Understanding Redshift Internals
Columnar Storage and MPP Architecture
Redshift is built on a columnar storage model with massively parallel processing (MPP) across compute nodes. Query performance depends heavily on minimizing data movement and maximizing local operations across slices within nodes.
Role of Sort and Distribution Keys
Sort keys define how data is ordered on disk, affecting query predicate filtering. Distribution keys determine how data is split across nodes—crucial for join efficiency and aggregation performance.
CREATE TABLE sales ( sale_id BIGINT, customer_id INT, sale_date DATE, amount DECIMAL(10,2) ) DISTSTYLE KEY DISTKEY(customer_id) SORTKEY(sale_date);
Common Symptoms of Key Misconfiguration
- Query runtime increases significantly over time
- Frequent disk-based queries due to sort key misalignment
- High skew in slice-level data distribution
- Join-heavy queries spill to disk or require massive reshuffling
Diagnostic Strategy
1. Analyze Table Metadata
Use SVV_TABLE_INFO and SVL_QLOG to identify skew and sort key usage:
SELECT "table", diststyle, skew_rows, unsorted FROM svv_table_info WHERE skew_rows > 1.5 OR unsorted > 20;
High unsorted
percentages suggest ineffective sort keys.
2. Investigate Query Plans
Run EXPLAIN on slow queries.
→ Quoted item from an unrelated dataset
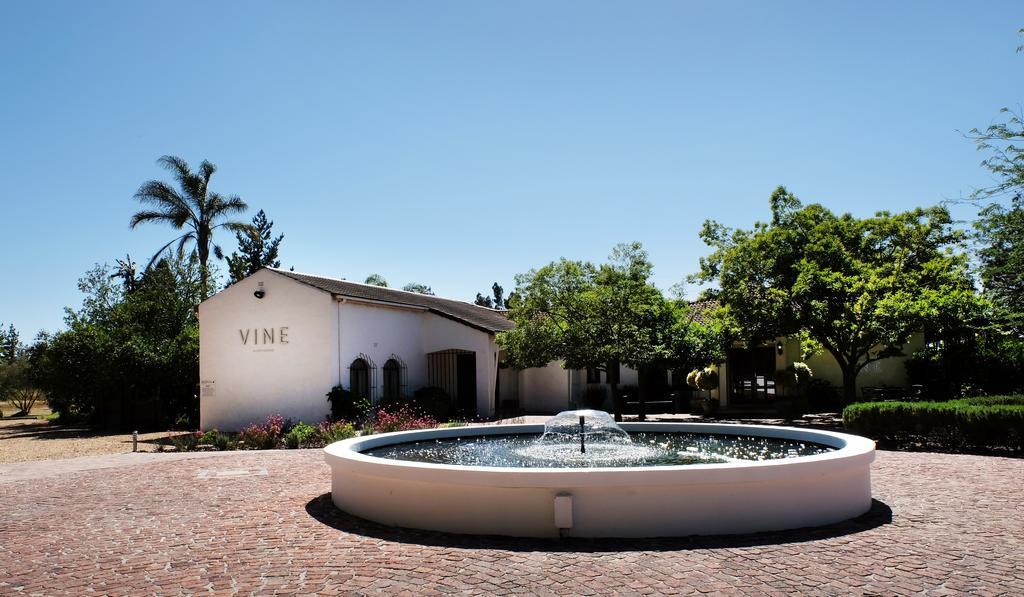 Vine Guesthouse Stellenbosch Exterior foto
Look for signs of:
- DS_BCAST_INNER (broadcast joins)
- DS_DIST_ALL_NONE (no local joins possible)
- Intermediate spill to disk
3. Check Distribution Skew
Use SVL_QUERY_SUMMARY to analyze how data is distributed across slices:
SELECT query, is_diskbased, workmem, rows, bytes, max_blocks_read FROM svl_query_summary WHERE is_diskbased = 't';
If a few slices read significantly more blocks, re-evaluate distribution strategy.
Architectural Implications
Bad Joins Due to Distribution Mismatch
When tables with mismatched distribution keys are joined, Redshift often broadcasts one side of the join to all nodes—causing significant overhead.
Unsorted Data Hurts Predicate Pushdown
If predicates do not match the leading column of the sort key, Redshift scans more blocks. Over time, without a vacuum or proper sort key, tables become fragmented.
Step-by-Step Remediation
Step 1: Identify Critical Query Patterns
Use Redshift system views or third-party monitoring tools (e.g., AWS CloudWatch, Periscope) to discover:
- Most frequent join paths
- High-cost WHERE conditions
- Large aggregations by group
Step 2: Redesign Sort Keys
Align sort keys with query filter columns—especially columns used in range scans (e.g., dates). Use compound keys for temporal workloads and interleaved keys for multi-dimensional filtering.
CREATE TABLE orders_sorted ( order_id INT, customer_id INT, order_date DATE ) DISTKEY(customer_id) COMPOUND SORTKEY(order_date);
Step 3: Adjust Distribution Strategy
- Use
DISTSTYLE KEY
for frequent joins with shared keys - Use
ALL
for small dimension tables - Avoid
DISTSTYLE EVEN
for join-heavy workloads
Step 4: Vacuum and Analyze
After schema changes, perform:
VACUUM FULL orders_sorted; ANALYZE orders_sorted;
This reclaims space and updates planner statistics for query optimization.
Long-Term Best Practices
- Continuously monitor
svv_table_info
for skew and unsorted metrics - Document distribution and sort key rationale per table
- Reassess keys quarterly based on query pattern evolution
- Use workload management queues (WLM) to isolate heavy queries
- Automate vacuum and analyze on large inserts or ETL loads
Conclusion
Suboptimal distribution and sort key design in Amazon Redshift is a silent performance killer in enterprise environments. While Redshift offers fast parallel query execution, its efficiency depends on how well your data model matches workload access patterns. By proactively analyzing metadata, tuning keys, and enforcing vacuum hygiene, teams can reclaim performance and ensure Redshift remains responsive under load.
FAQs
1. How do I choose between compound and interleaved sort keys?
Use compound for consistent filtering on the leading column; interleaved is better for multi-dimensional filtering but comes with vacuuming overhead.
2. What is a good skew ratio threshold?
Skew ratios above 1.5 suggest imbalance. Aim for skew_rows
< 1.2 for uniform distribution across slices.
3. Can I change distribution or sort key without recreating a table?
No, Redshift requires a new table to be created with the new schema. Use CTAS (Create Table As Select) pattern to migrate data efficiently.
4. How often should I run VACUUM?
After large DML operations or ETL batches. Automate via scheduled jobs or event triggers on INSERT frequency.
5. How does Redshift Spectrum impact sort/distribution strategy?
Spectrum queries external data, so distribution keys are irrelevant. However, sort keys still help if you COPY data into Redshift for performance-critical queries.